Reflections, A Year Later
From: Ibby Caputo
Date: Aug. 25, 2008 5:40 a.m.
Subject: Reflections, A Year Later
It was a year ago today that I woke up with a fever, went to the hospital, and didn't come out for a long time.
Right now, I am on Fire Island (NY) with my family, lying in bed with a cool breeze coming through the window, listening to the crickets and the ocean, and writing to you.
Yesterday, my siblings and I hung out at the beach. My mother and I played pinochle, my father and I talked politics.
The ferry ride to Fire Island reminded me of the ferry rides I took in Cape Cod before this day last year, only, there was one thing that felt distinctly different: me. I feel so much more self possessed than I did before.
From my hospital bed, in one of my e-mails, I had written to you the following: "The only reason I'm doing this is because I want to live. I really want to live. I'm intensely curious as to what life will be like after this experience."
Though life after this experience is still unfolding, I can say this: I believe I am a better sister, daughter, friend, writer, listener, student and teacher than I was before. It was a painful big bang that got me here, but hey, I'm not one to turn down an experience that offers immense growth ... :)
The big bang came with some big consequences, of course.

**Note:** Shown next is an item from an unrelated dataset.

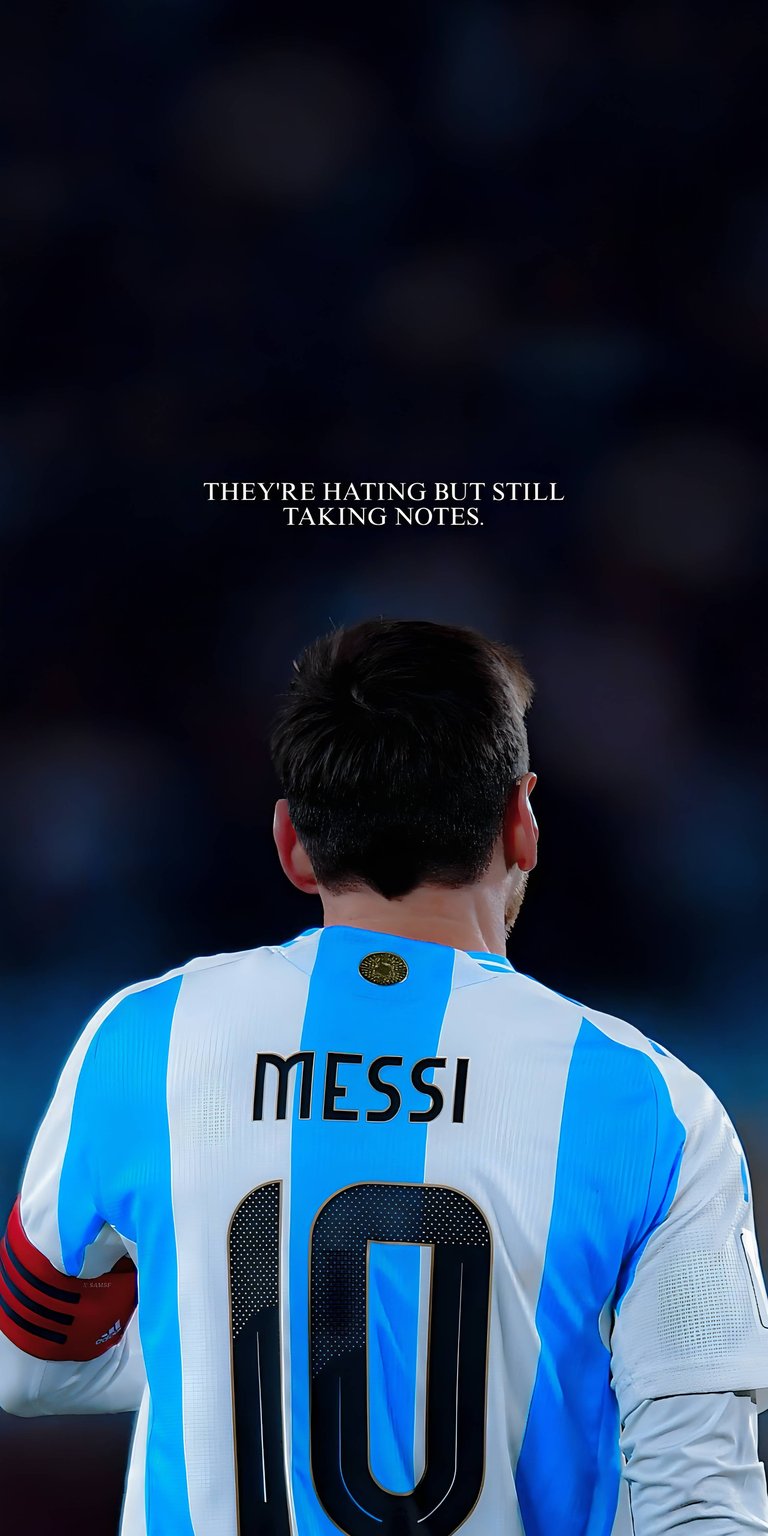 Lionel Messi back jersey shot wallpaper for iPhone 4K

The most heartbreaking for me is that I will never be able to give birth to my own children. This intimate detail I don't mind sharing with you because it is the truth, a fact of my life as it is now. If I so choose later on, I know there are other ways to motherhood.
And there are other more trivial things: I have to wear a Medic Alert bracelet. I take a ton of drugs (though not forever). I have "chipmunk cheeks" from the steroids (temporary as well, thank goodness). I must always have health insurance (though shouldn't we all?). And, of course, the other big one: There's that nagging worry always whispering in the back of my head, "you might RELAPSE."
I get my blood tested this week in Boston. That whisper gets a little bit louder in the days before I get pricked in the phlebotomy lab. But if my blood is clean this week, then that will be nine months since the transplant—nine months I've been in Remission—and in another 15 months I can take a big sigh of relief, because the chance of relapse after two years is very, very slim.
Truth is, the whole relapse thing is kind of like life insurance. It keeps me humble. It's hard to take life for granted with that cloud hanging over your head. Though I think I may be a silver-lining junkie.
I'm itching to move on. (I mean, this experience has been great and all, but ... ) I'm psyched to move back to the Boston area later this fall / early winter. I cannot wait to get a job. (Please open your doors to me, oh Mighty Field of Journalism!) I'm preparing by working on freelance stories; reading, listening and watching as much as I can get my hands on; brainstorming and talking with friends about their projects and mine, brushing up on my Spanish, and learning stenography. I'm taking an online course. I'm not sure how much this last one will help, but my theory is faster notes equals better quotes!
One last thing. I had a conversation with myself recently. Maybe it was on the boat. Not myself as I am now, but myself of a year ago. A year ago I was scared senseless. Shocked and confused at my body—my blood's—betrayal. Unsure if I wanted to go through treatment, or if I should take my six-weeks-left-of-life check, and check-out.
So, what I said to myself on the boat was, "Hey, Ibby of a year ago, in a year from now you'll be on a boat to Fire Island. You'll be content with your family. Your hair will be short and curly. You'll be more focused, less anxious, and more aware of the inevitability of death. Consequently, you'll embrace life even more. Put simply: you'll have less neurosis!!! I know how much you are suffering, how terrified you are, and it pains me to think of you that way, but—as your soon-to-be doctor is going to tell you in another month or so—Trust Life. By trusting life, you'll learn to trust death, and once you've done that, there's really not much more to be afraid of. I love you."
That's what I said to myself. If you don't find it utterly too New Agey, I would suggest trying the exercise. Talk to one of your past selves. Tell yourself something you need to hear. And don't forget to open your ears to what some future self of you is telling you now. I think my future self is telling me, "Good job. Keep going."
Thank you for reading this. All the best to you. Keep going.